Зачем они не знают этого?
Роковая ошибка их состоит в том, что, увлеченные благородной любовью к ближнему, к свободе, увлеченные нетерпением и негодованием, они бросились освобождать людей прежде, нежели сами освободились; они нашли в себе силу порвать железные, грубые цепи, не замечая того, что стены тюрьмы остались. Они хотят, не меняя стен, дать им иное назначение, как будто план острога может годиться для свободной жизни.
Ветхий мир католико-феодальный дал все видоизменения, к которым он был способен, развился во все стороны до высшей степени изящного и отвратительного, до обличения всей истины, в нем заключенной, и всей лжи; наконец он истощился. Он может еще долго стоять, но обновляться не может; общественная мысль, развивающаяся теперь, такова, что каждый шаг к осуществлению ее будет выход из него. Выход! – Тут-то и остановка! Куда? Что там за его стенами? Страх берет – пустота, ширина, воля… как идти, не зная куда; как терять, не видя приобретений! – Если б Колумб так рассуждал, он никогда не снял бы якоря. – Сумасшествие ехать по океану, не зная дороги, – по океану, по которому никто не ездил, плыть в страну, существование которой – вопрос. Этим сумасшествием он открыл новый мир. Конечно, если б народы переезжали из одного готового hôtel garni[32] в другой, еще лучший, было бы легче, да беда в том, что некому заготовлять новых квартир. В будущем хуже, нежели в океане, – ничего нет, оно °будет таким, каким его сделают обстоятельства и люди.
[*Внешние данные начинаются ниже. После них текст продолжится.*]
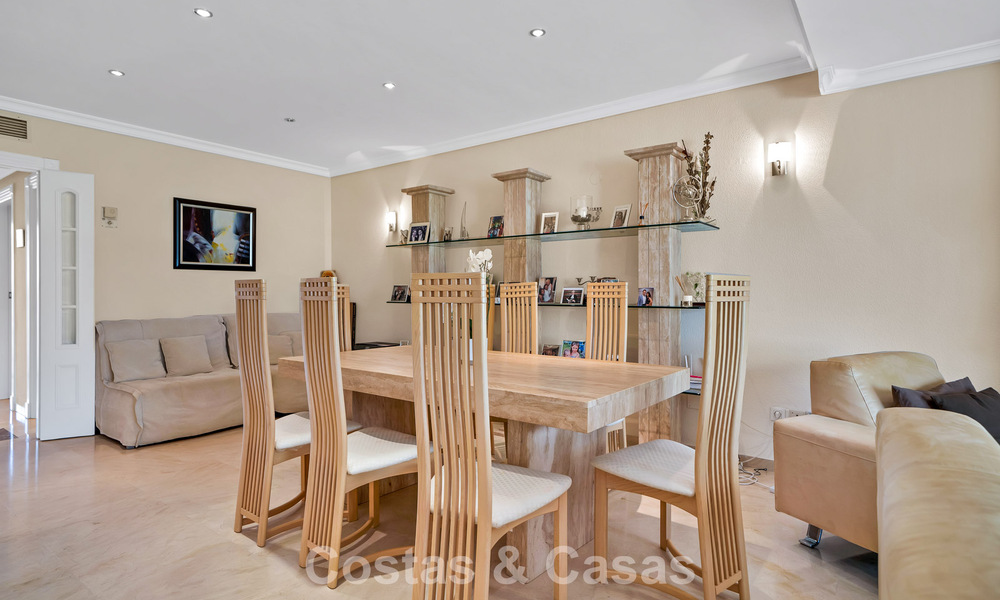 Apartamento en planta baja en venta en un complejo en primera línea de playa en la Nueva Milla de Oro, Marbella - Estepona 783690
Если вы довольны старым миром, старайтесь его сохранить, он очень хил, и надолго его не станет при таких толчках, как 24 февраля; но если вам невыносимо жить в вечном раздоре убеждений с жизнию, думать одно и делать другое, выходите из-под выбеленных, средневековых сводов на свой страх; отважная дерзость в иных случаях выше всякой мудрости. Я очень знаю, что это не легко; шутка ли расстаться со всем, к чему человек привык со дня рождения, с чем вместе рос и вырос. Люди, о которых мы говорим, готовы на страшные жертвы, – но не на те, которые от них требует новая жизнь. Готовы ли они пожертвовать современной цивилизацией, образом жизни, религией, принятой условной нравственностью? Готовы ли они лишиться всех плодов, выработанных с такими усилиями, – плодов, которыми мы хвастаемся три столетия, которые нам так дороги, лишиться всех удобств и прелестей нашего существования, предпочесть дикую юность – образованной дряхлости, необработанную почву, непроходимые леса – истощенным полям и расчищенным паркам, сломать свой наследственный замок из одного удовольствия участвовать в закладке нового дома, который построится, без сомнения, гораздо после нас? Это вопрос безумного, скажут многие. – Его делал Христос иными словами.
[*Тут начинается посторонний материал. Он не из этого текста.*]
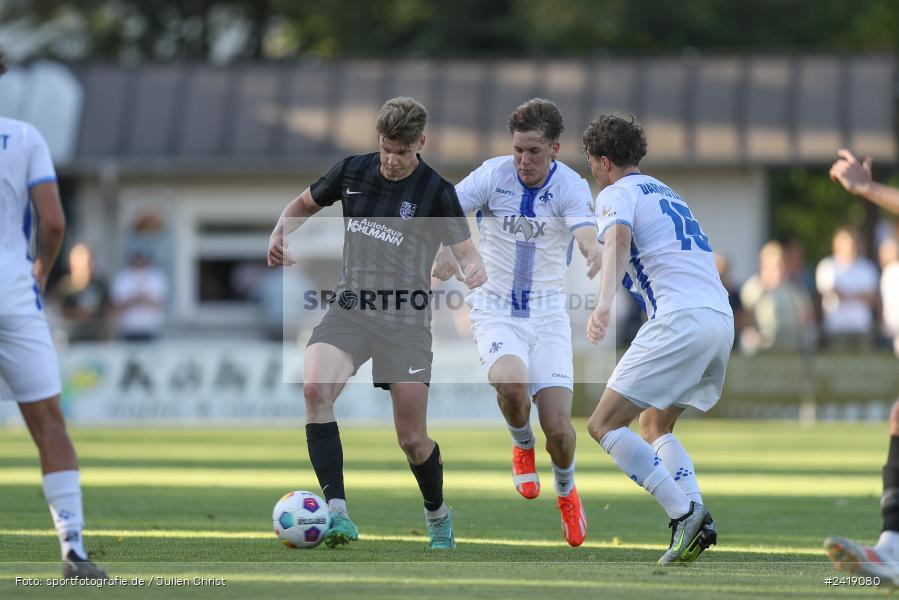 sport, action, TSV Karlburg, TSV, Sportgelände, SVD, SV Darmstadt 98 (U21), Landesfreundschaftsspiele, Karlburg, Hessenliga, HFV, Fussball, D98, Bayernliga Nord, BFV, 10.07.2024 - Bild-ID: 2419080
Либералы долго играли, шутили с идеей революции и дошутились до 24 февраля. Народный ураган поставил их на вершину колокольни и указал им, куда они идут и куда ведут других; посмотревши на пропасть, открывавшуюся перед их глазами, они побледнели; они увидели, что не только то падает, что они считали за предрассудок, но и все остальное, что они считали за вечное и истинное; они до того перепугались, что одни уцепились за падающие стены, а другие остановились кающимися на полдороге и стали клясться всем прохожим, что они этого не хотели. Вот отчего люди, провозглашавшие республику, сделались палачами свободы, вот отчего либеральные имена, звучавшие в ушах наших лет двадцать, являются ретроградными депутатами, изменниками, инквизиторами. Они хотят свободы, даже республики в известном круге, литературно образованном. За пределами своего умеренного круга они становятся консерваторами. Так рационалистам нравилось объяснять тайны религии, им нравилось раскрывать значение и смысл мифов, они не думали, что из этого выйдет, не думали, что их исследования, начинающиеся со страха господня, окончатся атеизмом, что их критика церковных обрядов приведет к отрицанию религии.